• **Directions for this task**
Copy out the data word for word, without any of its pictures.

• **Excerpted records**

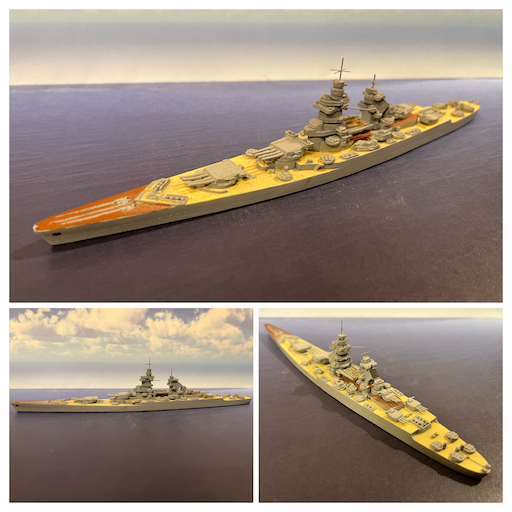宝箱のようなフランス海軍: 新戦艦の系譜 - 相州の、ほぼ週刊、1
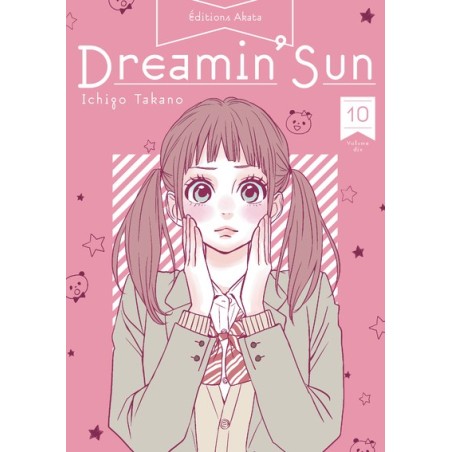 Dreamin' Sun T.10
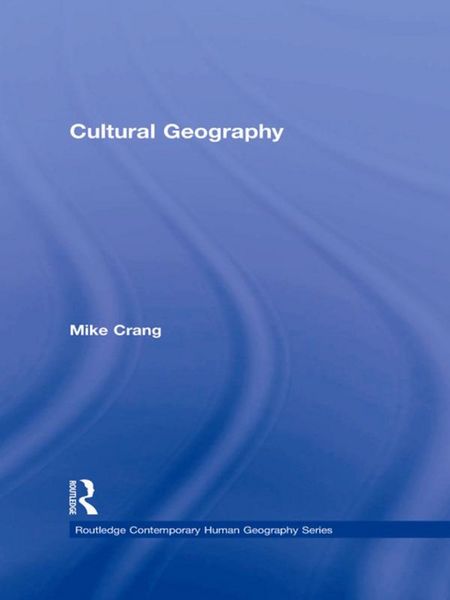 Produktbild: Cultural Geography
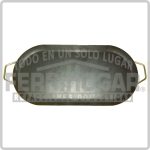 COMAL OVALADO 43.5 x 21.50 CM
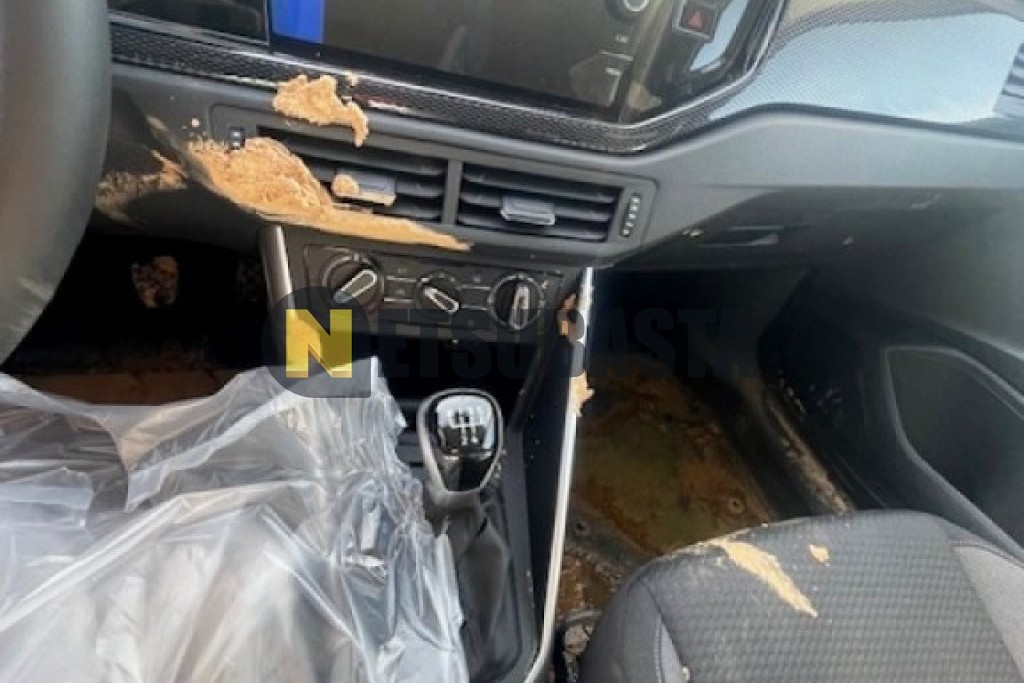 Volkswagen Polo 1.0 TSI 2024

• **Problem solution**
宝箱のようなフランス海軍: 新戦艦の系譜 - 相州の、ほぼ週刊、1
 Dreamin' Sun T.10
 Produktbild: Cultural Geography
 COMAL OVALADO 43.5 x 21.50 CM
 Volkswagen Polo 1.0 TSI 2024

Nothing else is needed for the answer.